### Data shown
•••
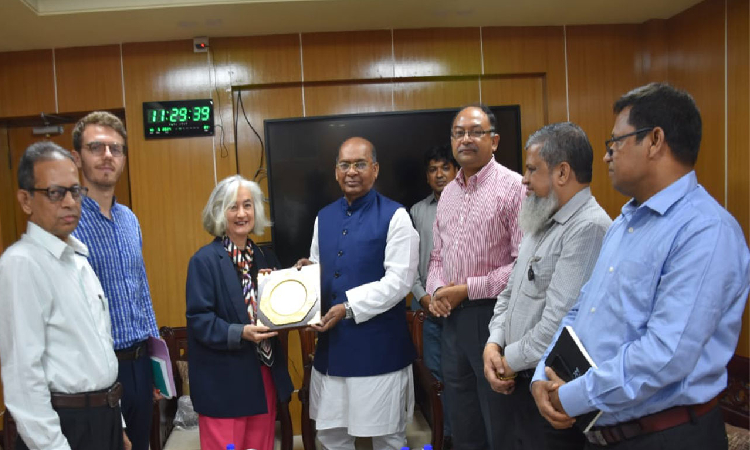 ‘বজ্রপাতে ক্ষয়ক্ষতি ও প্রাণহানি কমাতে আধুনিক প্রযুক্তি ব্যবহার করছে সরকার’
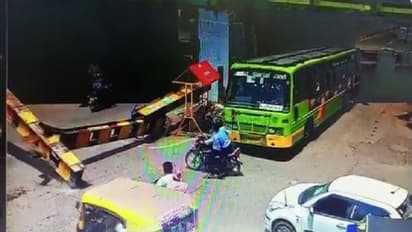 బిజీ రోడ్డులో కూలిన ఇనుప పిల్లర్.. షాకింగ్ వీడియో వైరల్...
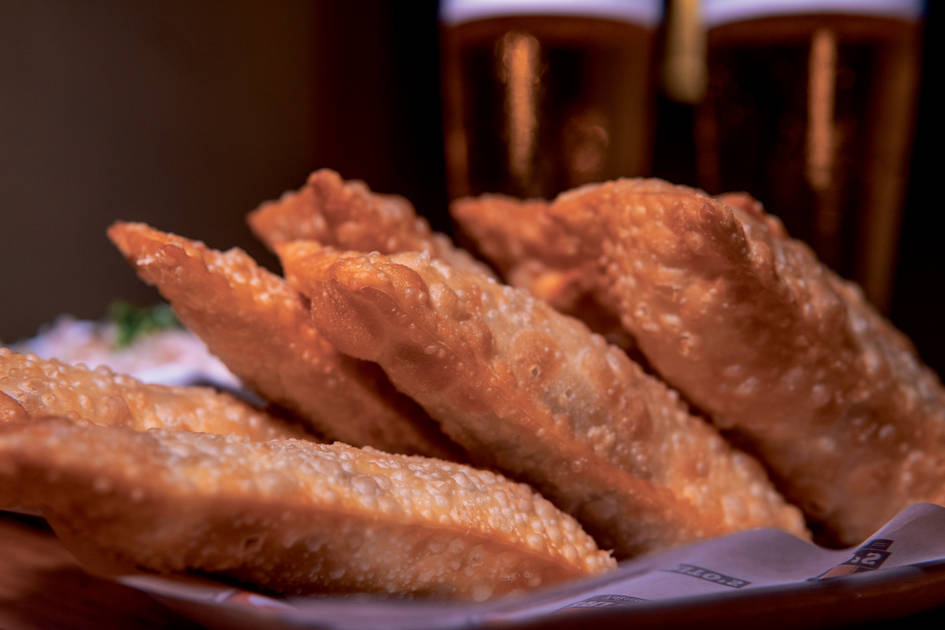 Pasteizinhos de cream cheese e costela desfiada: especialidade do Brito's com chope gelado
•••
### Problem requirements
Copy out, with no pictures, the lines from the one containing "బిజీ రోడ్డులో కూలిన" through the last line of the data above, both ends included and each word unchanged.

### Response box
 బిజీ రోడ్డులో కూలిన ఇనుప పిల్లర్.. షాకింగ్ వీడియో వైరల్...
 Pasteizinhos de cream cheese e costela desfiada: especialidade do Brito's com chope gelado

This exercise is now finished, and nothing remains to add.